» Task details
Leaving out every picture, please repeat exactly the line that contains "Pull Out Sofa Sleeper Bed-106809470" and each line after it through the final line below.

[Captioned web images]

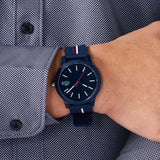 Lacoste 12.12 Blue Dial Two Tone Silicon Strap Watch for Men - 2011070 Authentic Buy Shop Now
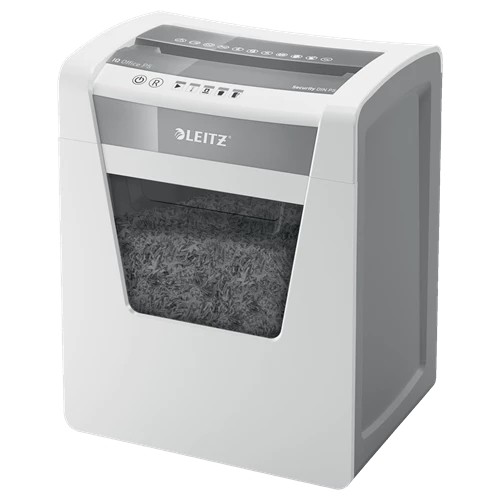Leitz IQ Office Micro Cut Paper Shredder Security P5 23L - White 80021000
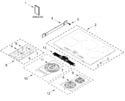Diagram for Cooktop Parts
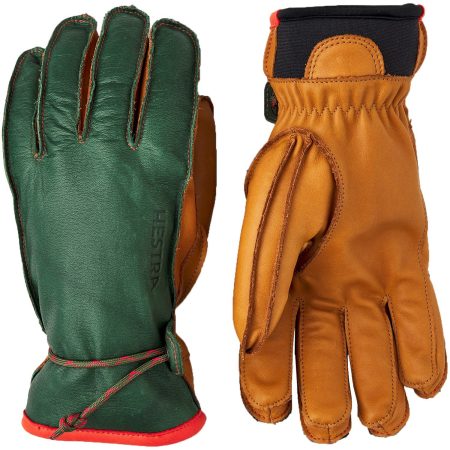 Hestra Wakayama 5-Finger Gloves 2023 in Red size 8 | Wool/Leather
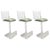 Set of Three Vintage Lucite Bar Stools, Newly Upholstered Seat For Sale - Image 13 of 13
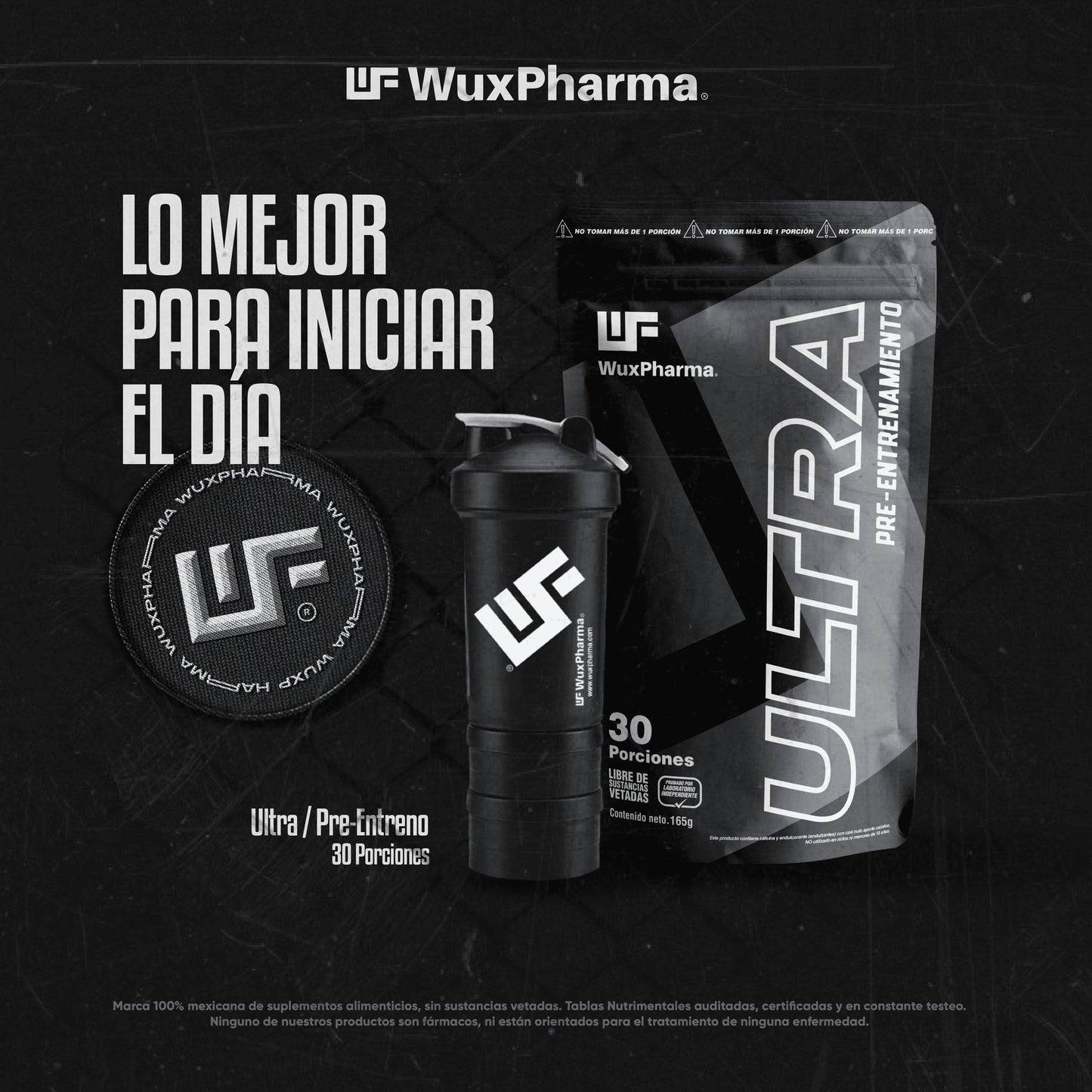 Ultra Preentrenamiento 30 servicios  Sabor Mango maracuyá 165g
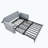 Pull Out Sofa Sleeper Bed-106809470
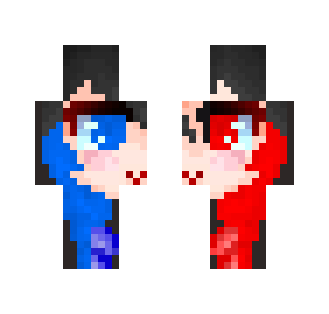 Red and Blue Chibi! - Female Minecraft Skins - image 2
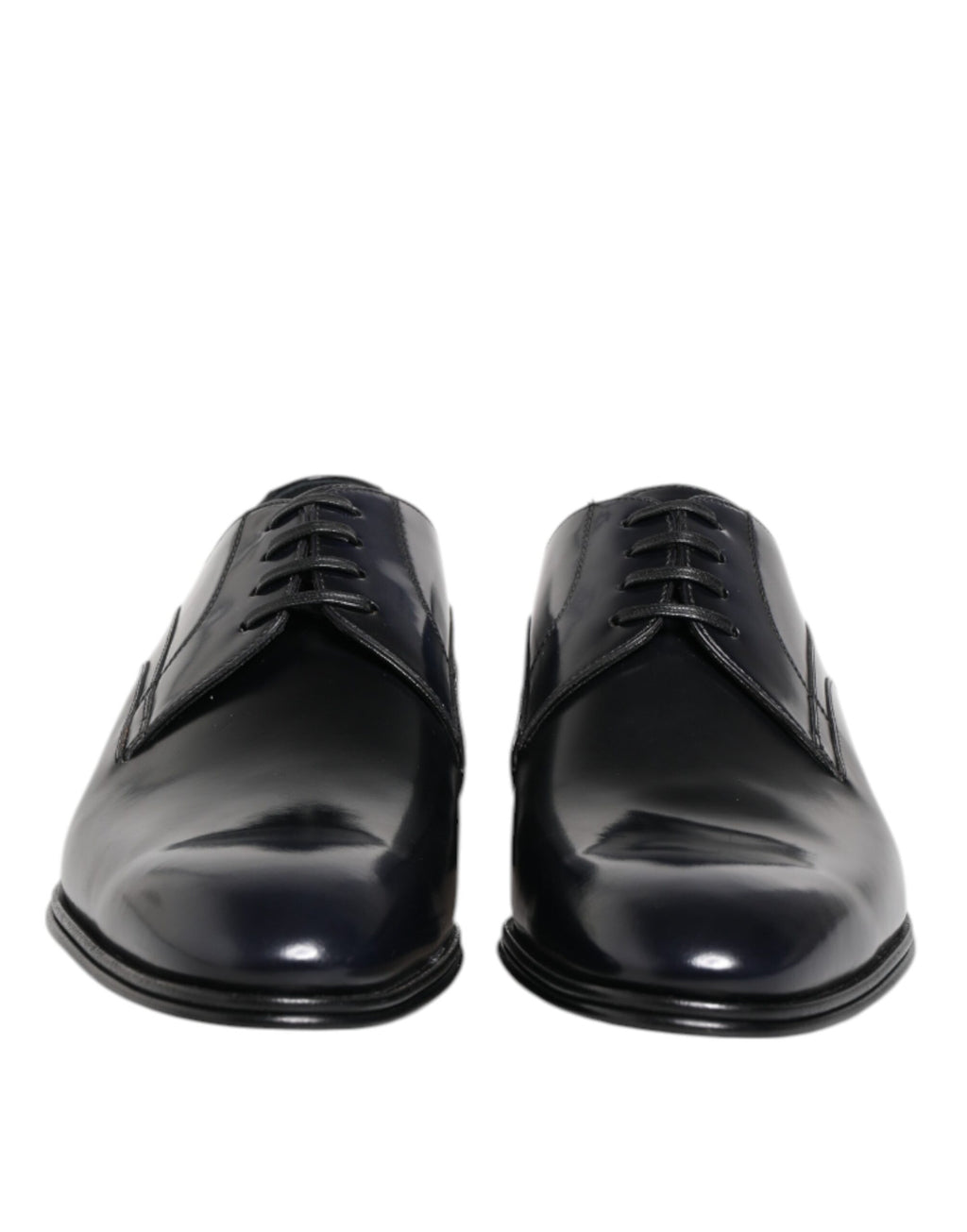 Chaussures derby à lacets en cuir bleu marine Dolce &amp; Gabbana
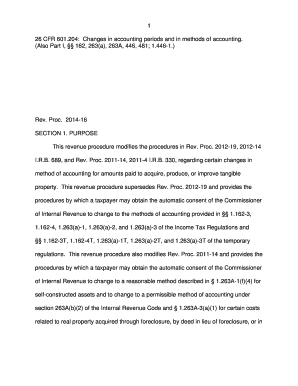 IRS Revenue Procedure 2014-16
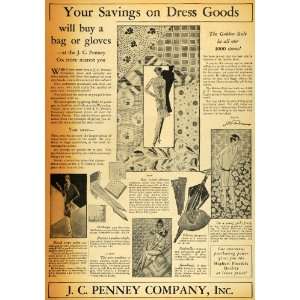  1928 Ad J. C. Penny Department Store Womens Fashion 
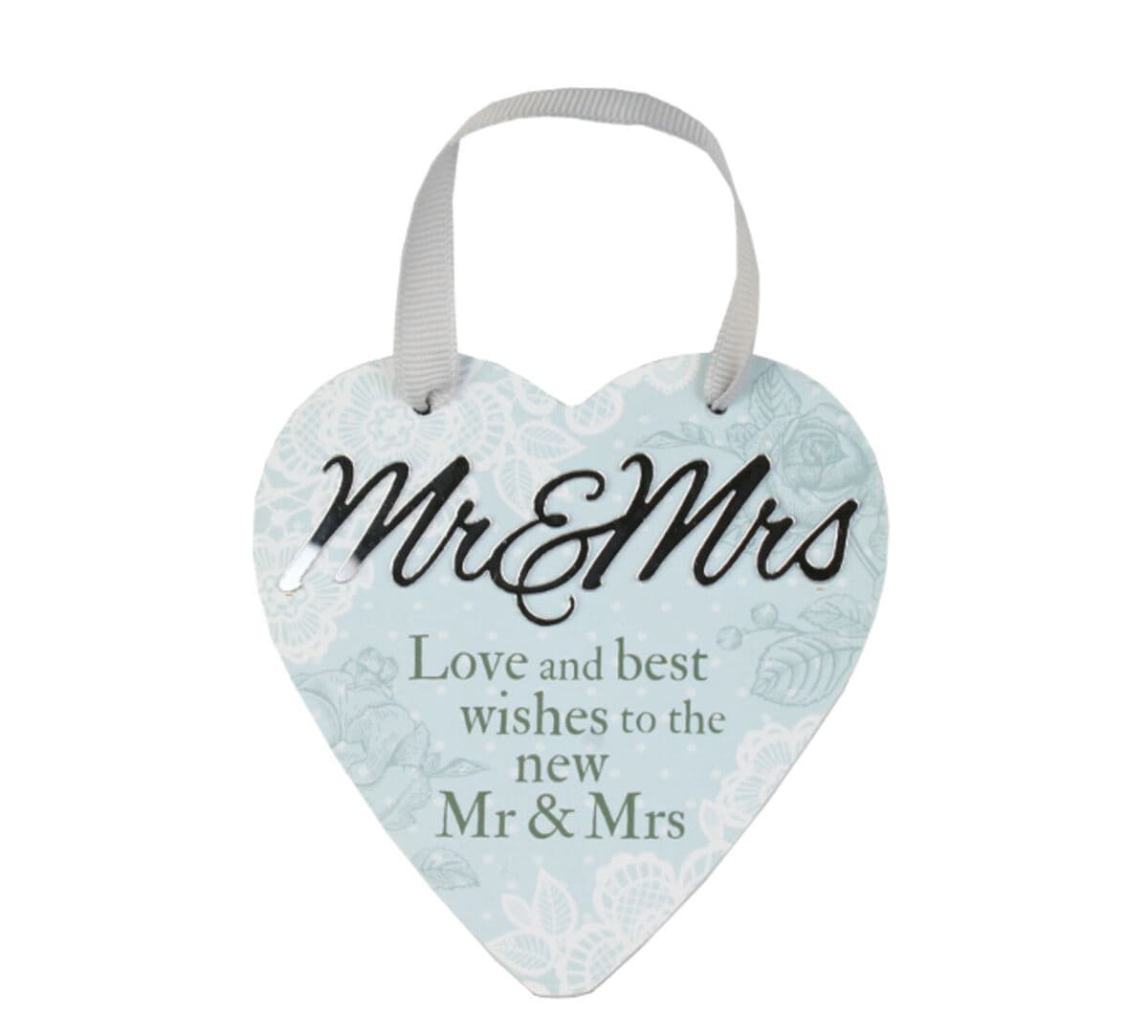 Mr & Mrs Hanging Heart Ornament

» The answer
 Pull Out Sofa Sleeper Bed-106809470
 Red and Blue Chibi! - Female Minecraft Skins - image 2
 Chaussures derby à lacets en cuir bleu marine Dolce &amp; Gabbana
 IRS Revenue Procedure 2014-16
  1928 Ad J. C. Penny Department Store Womens Fashion 
 Mr & Mrs Hanging Heart Ornament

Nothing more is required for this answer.